Sang kakak terenyuh. Ia melanjutkan perjalanannya, berterima kasih kepada wanita yang memberinya jubah, dan bersyukur atas kebajikan yang dilakukan laki-laki yang mirip dengannya. Sampai di kota berikutnya, perutnya merasa lapar. Ia melirik dompetnya dan tidak menemukan sekeping uangpun di sana. Ia melihat seorang saudagar dan berharap bisa menjual jubah yang diberikan wanita yang ditemui di kota sebelumnya untuk mendapatkan sepotong roti. Saudagar itu mengamati laki-laki itu dan akhirnya memberikan roti gratis dari gandum yang dibuatnya.

“Terima kasih atas rotinya.

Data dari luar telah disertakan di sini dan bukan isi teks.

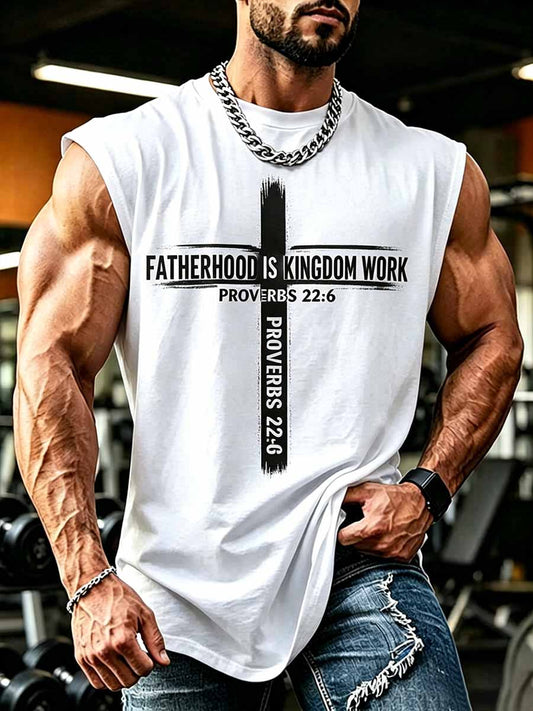 Men's Father's Day Faith Print Casual Tank Top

Berapa yang harus saya bayar atas roti yang saya makan ini?” tanyanya. “Tidak perlu,” jawab sudagar. “Jubah yang Anda kenakan mengingatkan saya pada orang yang saya temui setahun yang lalu. Saat itu saya kehausan dan tidak mungkin sampai pada kota tujuan saya. Jika saya tidak memeroleh seteguk air dari orang yang mengenakan jubah seperti Anda mungkin saya tidak akan selamat dari teriknya matahari gurun. Saya bersyukur atas kebaikannya dan berjanji akan memberikan apapun kepada orang yang memberi saya minum, yaitu kepada orang yang mengenakan jubah seperti yang Anda kenakan. Tapi saya tidak pernah menemukan lelaki seperti itu lagi. Bawalah kantung air ini. Mungkin ini akan berguna bagi Anda.”

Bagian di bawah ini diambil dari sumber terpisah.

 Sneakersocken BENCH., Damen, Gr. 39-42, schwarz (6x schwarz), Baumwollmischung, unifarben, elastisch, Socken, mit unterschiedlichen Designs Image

Sang kakak berjalan dengan membawa sekantung air. Namun hari itu matahari sangat terik dan ia telah menghabiskan air di seluruh kantungnya meski belum sampai ke kota asal tujuannya. Iapun pingsan saat ia melihat sebuah sumur yang berjarak seratus meter di depannya. Tiba-tiba tenggorokannya yang kering dibasahi air. Ia meneguk air itu dan membuka matanya hingga melihat seorang laki-laki yang memberinya minum.

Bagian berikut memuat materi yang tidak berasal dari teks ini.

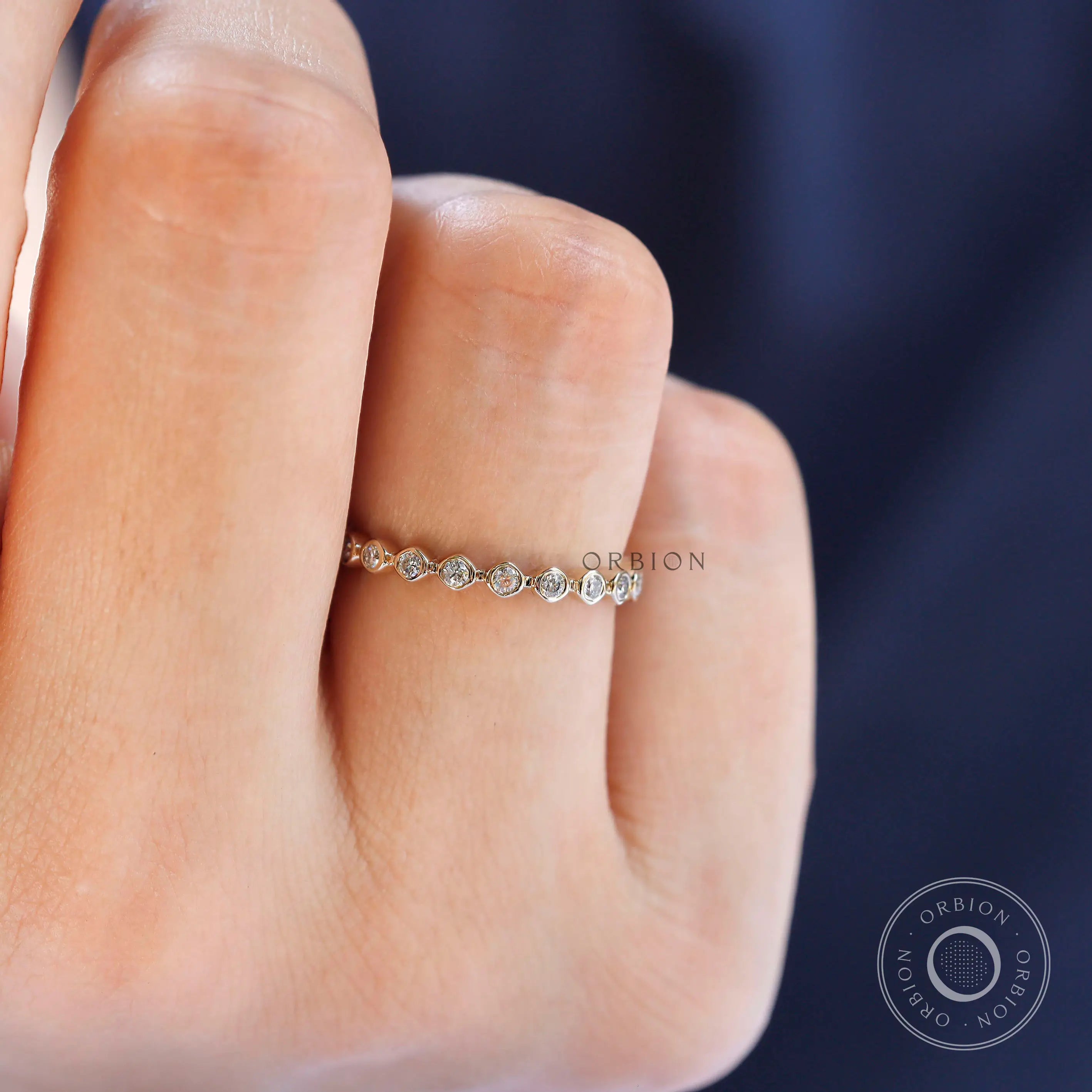 On Hand View of Bubble Moissanite Wedding Band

“Mengapa Anda begitu baik?”

“Ini semua karena saudaramu,” jawab lelaki itu.

“Saudaraku?” tanyanya.

“Ya,” jawabnya. “Setahun yang lalu saat kau hanya melongokku dari atas sumur dan tidak kembali ketika aku meminta bantuanmu naik ke atas, saudaramu kembali kepadaku untuk membantuku naik ke atas sumur. Aku ingat kau karena kau sangat mirip dengannya. Dan aku semakin yakin bahwa kau saudara orang yang membantuku naik ke atas sumur karena jubah ini adalah jubah yang dikenakan saudaramu. Wadah air ini juga wadah milikku yang kuberikan kepada saudaramu. Benar bukan, kau memiliki saudara laki-laki ? Di mana ia sekarang? Aku ingin sekali berterima kasih kepadanya karena ia telah memberiku kebahagiaan yang tak ternilai harganya. Sumur yang kubuat kini telah menjadi perkampungan kecil. Orang-orang yang singgah di sini membeli air dari sumurku dan mulai menetap di sekitar sumurku untuk berdagang. Sekarang aku menjadi gubernur di kota yang baru berdiri selama satu tahun ini. Dimana saudaramu? Aku tak akan pernah lupa segala kebaikannya.”

Sang kakak terdiam. Tiba-tiba air matanya menitik saat mengingat adiknya yang telah meninggal dunia ketika seluruh dagangannya dijarah perampok. Tamat.

Umur sang kakak lebih panjang dari sang adik, akan tetapi ia tidak memberi kebermanfaatan bagi orang lain. Sang adik telah meninggal, namun ia masih hidup di dalam fikiran orang-orang yang pernah ditemuinya.

Dalam hidup ini, terdapat juga orang-orang yang telah meninggal lima, seratus, bahkan ribuan tahun yang lalu. Namun ia masih tetap hidup di dalam fikiran orang-orang. Sebabnya adalah amal yang telah dilakukannya semasa hidup di dunia. Akhir kata, mengutip perkataan dari sebuah buku “Kualitas hidup seseorang seringkali terlihat pada saat akhir hayatnya. Apakah akan banyak orang yang bersedih di atas pemakamanya atau tidak.” Semoga tulisan ini dapat menjadi refleksi bagi para pembaca dan juga bagi penulis sendiri. Wassalam.